Designing a DBMS for storing large volumes?

E

egorov_a2019-12-02 21:22:26

MongoDB

egorov_a, 2019-12-02 21:22:26

Faced with the problem of designing a database for a large array of data, we are talking about billions of records (currently 200 million). Standard solutions on such volumes begin to degrade in terms of insert / read speed (very important).
Acceptable response time up to 20 seconds, of course, the faster - the better.
The data is stored in one data center. Now 10-50 requests/sec. In the near future, about 100zapr / sec.
Currently using MongoDB. The data structure looks like this (I will write in Mongo terms) - a document of about 80 fields, with the type string, datetime, int, float, null, boolean. The entry has a unique key, of type string (30 characters long). The search is carried out on 30 fields and their possible combinations. It is necessary to read in real time and do all kinds of aggregation operations with data.

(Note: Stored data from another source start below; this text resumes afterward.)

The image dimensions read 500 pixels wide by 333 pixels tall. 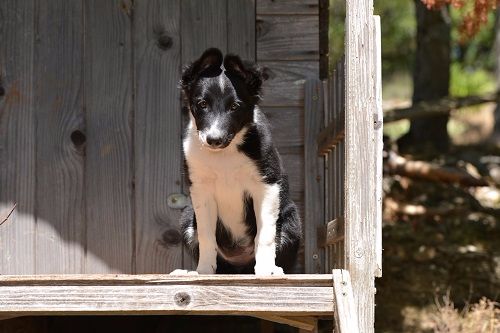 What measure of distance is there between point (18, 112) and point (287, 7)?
1905mm

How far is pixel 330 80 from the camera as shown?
5.36 meters

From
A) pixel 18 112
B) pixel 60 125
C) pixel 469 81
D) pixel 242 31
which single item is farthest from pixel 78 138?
pixel 469 81

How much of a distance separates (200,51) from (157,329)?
2.11 m

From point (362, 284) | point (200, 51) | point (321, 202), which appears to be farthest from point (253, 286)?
point (200, 51)

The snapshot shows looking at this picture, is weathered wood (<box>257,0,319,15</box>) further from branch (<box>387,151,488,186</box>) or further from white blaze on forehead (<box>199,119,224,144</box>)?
branch (<box>387,151,488,186</box>)

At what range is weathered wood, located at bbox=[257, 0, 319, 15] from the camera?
5.68m

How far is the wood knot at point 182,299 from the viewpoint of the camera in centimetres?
407

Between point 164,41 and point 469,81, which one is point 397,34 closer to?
point 469,81

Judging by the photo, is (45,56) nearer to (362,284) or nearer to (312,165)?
(312,165)

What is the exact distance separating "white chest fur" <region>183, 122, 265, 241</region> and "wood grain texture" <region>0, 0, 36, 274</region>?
151cm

On such data, the count operation takes a very long time.
I would like to know what approaches are used to implement this task?
Hear good advice on data organization and structure.

Reply

Answer the question

In order to leave comments, you need to log in

6 answer(s)

O

Oleg Frolov, 2019-12-03
@Digiport

They say that it is in such cases that relational databases show their advantage.

Z

zavodp, 2019-12-03
@zavodp

for a large data array, we are talking about billions of records (currently 200 million).

This is not "big data".
For modern hardware and modern DBMS - this is nonsense.
For reading - indexes.
For insertion - bulk loading
Is this trolling?
Or are you writing to us from the 1960s?
It's not a burden at all. Funny.
Indexes.
And for aggregations - the prepared data to use. Count is always slow because it's overkill. Read in advance, store in auxiliary data.
It makes no sense to use MongoDB, unless you are going to spread it over a huge cluster. There will be Monga's advantage.
On 1-2-3 servers, classic relational DBMS like PostgreSQL take precedence over Mongo.
Indexes on fields and combinations.
See the query plan to understand which indexes are needed.

S

Sergey, 2019-12-03
@begemot_sun

ClickHouse consider

F

Frozen Coder, 2019-12-03
@frozen_coder

You can make a search in elasticSearch, which will return document identifiers, and then quickly get documents from mongo using them.
Well, you have already been written about OLAP

T

tester12, 2019-12-03
@tester12

I can't speak for MongoDB. But the general direction is obvious:
- query plans (are indexes used? or is the whole table iterated?)
- disk operations (maybe it makes sense to buy an SSD with better IOPS). - scaling (organize several slave replicas
and distribute the "search" load between them)
of these operations)
- application logic (perhaps you can do without some operations)

D

Dima, 2019-12-04
@v_m_smith

I would also look towards Clickhouse or another column-store DBMS (instead of making a classic DWH snowflake).
For fun, I would also try to write this table of "about 80 fields" into a partitioned Parquet and subtract columns into Apache Arrow tables as needed (with a binding language to taste, it seems that all languages are there). I think the performance will be comparable to Clickhouse, or certainly better than MongoDB. Here are benchmarks from two years ago. If a cluster is not needed, then Spark is not needed there either.